Должен заметить, что сюжет с запиской в президиум довольно часто встречался в тогдашнем городском фольклоре, а проще говоря, в анекдотах. Был и такой. XXIV съезд КПСС. Брежнев вдруг получает записку: «Леонид Ильич, а помните, как мы с вами вместе спали? Прошу принять по личному вопросу!» И подпись – «Такая-то». Генсек, известный ходок, смутился, принял в Кремле даму и выполнил ее просьбу, связанную, разумеется, с улучшением жилищных условий. С чем же еще? Она уже покидала кремлевский кабинет, когда Брежнев остановил ее вопросом: «Вы уж извините, товарищ Такая-то, но что-то не припомню, где и когда мы спали?» – «Ну как же!

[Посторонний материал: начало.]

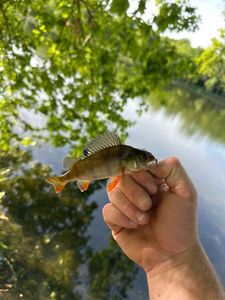 European Perch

На XXIII съезде. Я – в зале. А вы – в президиуме…»

В середине восьмидесятых я, будучи членом сразу нескольких выборных органов, в основном комсомольских, частенько заседал в президиумах, развлекая товарищей по официальной неволе стихотворными экспромтами:

 
Все, кто пришел на пленум,
Однажды станут тленом.
 

И как-то раз тоже получил записку: «Эх ты! А говорил, что любишь! Обещал прийти… К.В.». До конца конференции я ломал голову, выскребая до сухого блеска сусеки личного опыта. Что еще за К.В.? Куда я обещал прийти? Так и не вспомнил. В конце толковища ко мне подошел Костя Воробьев, работник отдела культуры ЦК ВЛКСМ, и спросил, улыбаясь: «Что ж ты не пришел? Мы тебя ждали с пивом и воблой. А говорил, что любишь баню!» И я вспомнил, что мы действительно собирались компанией в сауну, недавно отгроханную в одном из оборонных НИИ. В ту пору укромных мест, где можно попариться, выпить и поговорить, было не так много, поэтому от подобных приглашений редко отказывались.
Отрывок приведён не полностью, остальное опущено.